[SUPPLIED ENTRIES]

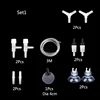 1Set Aquarium Oxygen Pump Hose Air Bubble Stone Plastic Connector Acessorios Fish Tank Air Pump Connector Control Valve Supplies 2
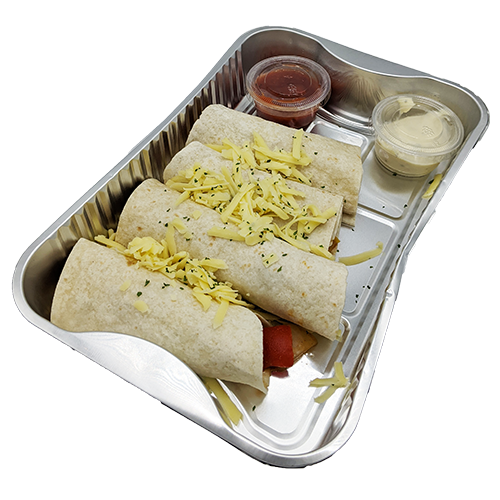 Crawfords Chicken Enchilladas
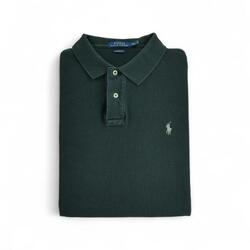 Reconditionné - Polo manches courtes Homme Noir - homme - Très Bon État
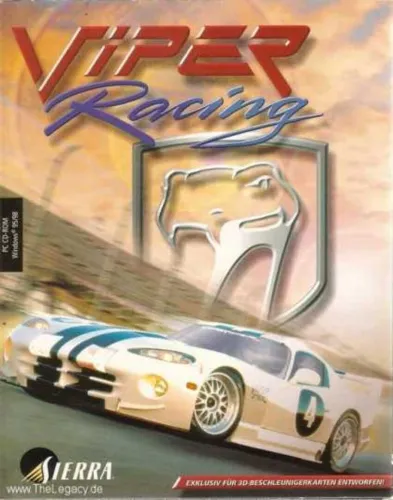 Portada de Viper Racing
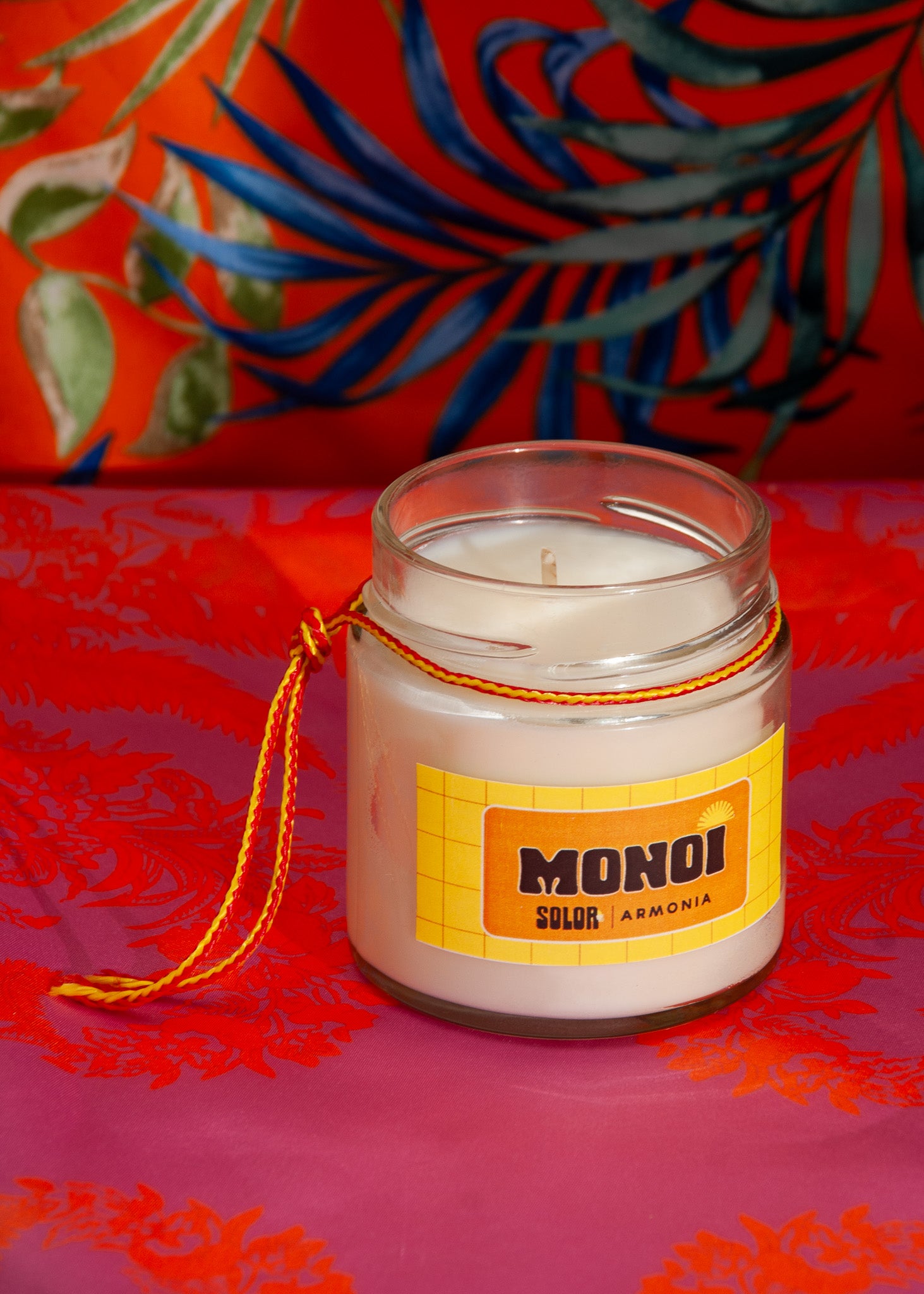 Candle | Monoi | Collab with Solor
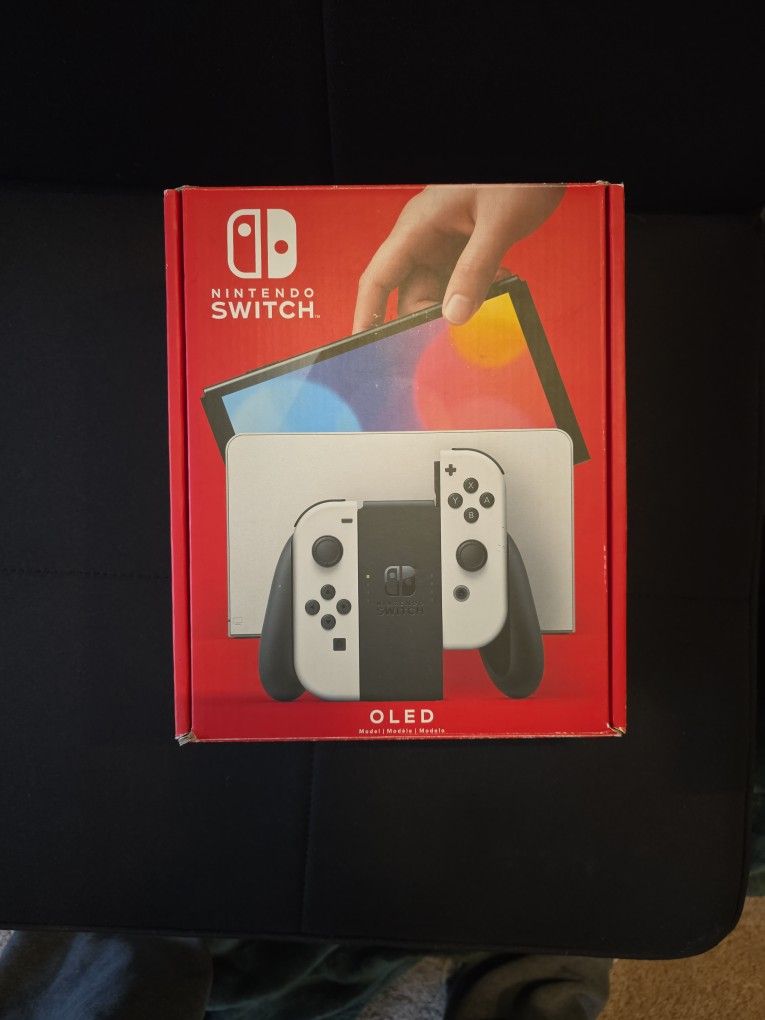 Nintendo Switch OLED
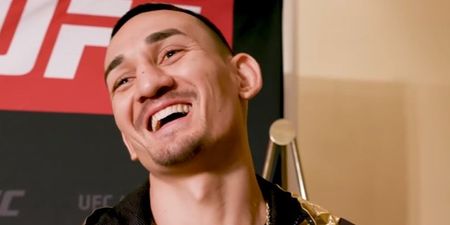 Will Smith can partly be credited for Max Holloway’s insane calmness for Jose Aldo rematch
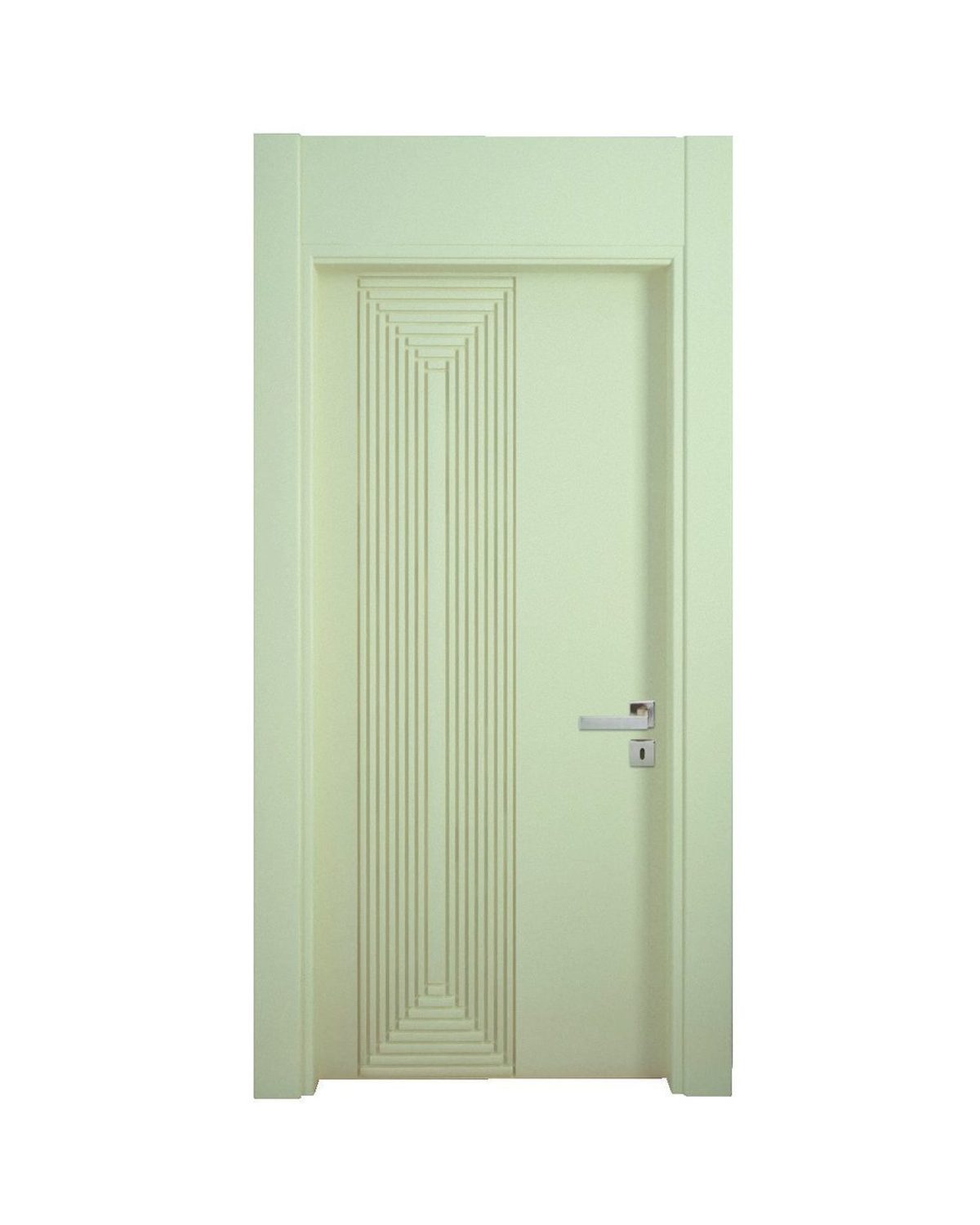 Decouvrez la Porte PVC 263, une porte interieure elegante et personnalisable concue pour les proj...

[/SUPPLIED ENTRIES]

▶ **PROBLEM DETAILS**: Please print an exact copy of the records, with no pictures.

▶ **FINISHED TASK**:
 1Set Aquarium Oxygen Pump Hose Air Bubble Stone Plastic Connector Acessorios Fish Tank Air Pump Connector Control Valve Supplies 2
 Crawfords Chicken Enchilladas
 Reconditionné - Polo manches courtes Homme Noir - homme - Très Bon État
 Portada de Viper Racing
 Candle | Monoi | Collab with Solor
 Nintendo Switch OLED
 Will Smith can partly be credited for Max Holloway’s insane calmness for Jose Aldo rematch
 Decouvrez la Porte PVC 263, une porte interieure elegante et personnalisable concue pour les proj...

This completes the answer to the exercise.